Nel suo intervento, il Guardasigilli ha chiarito anche la funzione dell’attività ispettiva avviata sul caso. «Gli ispettori si mandano per capire bene quali sono i fatti e verificare se esistono o meno gli elementi», ha spiegato.
La scelta di inviare gli ispettori, quindi, viene presentata dal ministro come uno strumento di accertamento preliminare, non come una presa di posizione anticipata sul merito della vicenda.
Nordio è tornato anche su un punto più generale, quello del rapporto tra politica e magistratura quando si parla di azione disciplinare. «Mi è stato rimproverato di aver esercitato pochissime volte l’azione disciplinare, ma io addirittura la toglierei al ministro della Giustizia, perché potrebbe sembrare una interferenza della politica nell’autonomia e nell’indipendenza della magistratura», ha affermato.
Il ministro ha quindi indicato quale sarebbe, a suo giudizio, l’assetto preferibile. «Se fosse per me, l’azione disciplinare dovrebbe essere esercitata soltanto dal procuratore generale della Cassazione», ha sottolineato.
Nordio ha però precisato che proprio l’attività ispettiva può servire a fornire elementi utili anche a chi, eventualmente, dovrebbe valutare il piano disciplinare. «L’attività ispettiva serve per raccogliere i dati che magari il procuratore generale non può avere», ha spiegato.
In questo modo il ministro prova a distinguere il momento dell’ispezione da quello di una eventuale iniziativa disciplinare, insistendo sul fatto che si tratta di piani diversi.

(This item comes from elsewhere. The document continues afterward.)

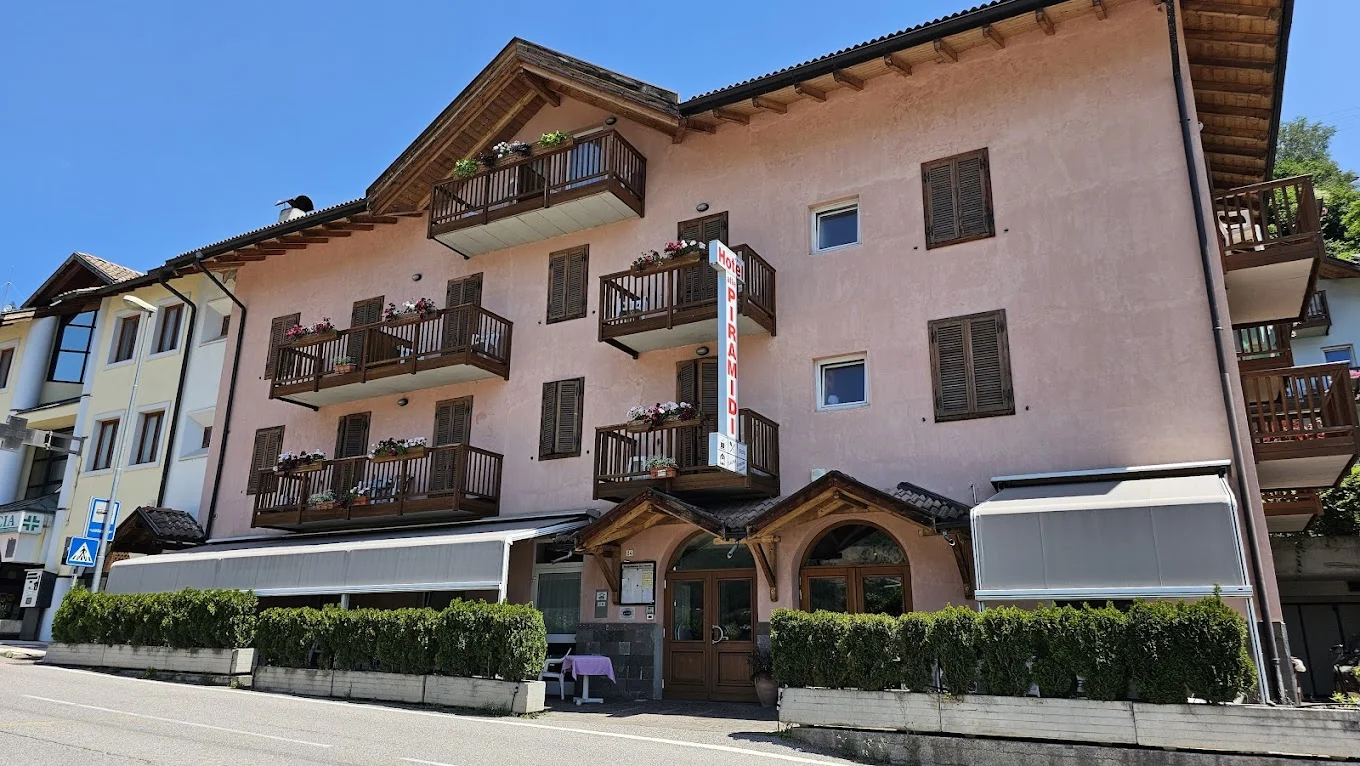 Hotel v blízkosti zemních pyramid Piramidi di Segonzano s polopenzí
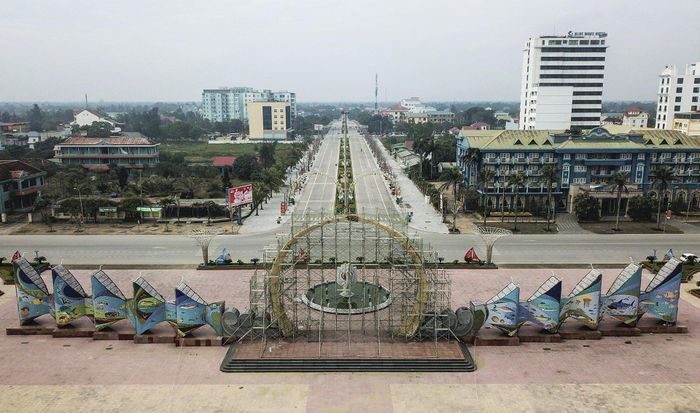  Trao đổi với Zing, ông Doãn Tiến Dũng, Chủ tịch UBND thị xã Cửa Lò, cho biết ngoài dự án nâng cấp, sửa chữa tuyến kè chắn sóng với tổng kinh phí hơn 40 tỷ đồng đang thực hiện, địa phương còn yêu cầu sớm hoàn thiện việc chỉnh trang khu vực Quảng trường Bình Minh, các tuyến đường trung tâm thị xã, đảm bảo phục vụ mùa du lịch.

Infine, il Guardasigilli ha respinto le critiche di chi accusa il governo di usare casi di cronaca per fare campagna referendaria a favore del Sì. «Non credo proprio che li strumentalizziamo», ha detto.
Poi ha motivato questa posizione sostenendo che episodi come quello della famiglia nel bosco colpiscono inevitabilmente l’opinione pubblica. «Sono episodi che colpiscono l’immaginazione e la sensibilità della popolazione e rendono evidente che qualcosa nel sistema giudiziario non funziona», ha concluso.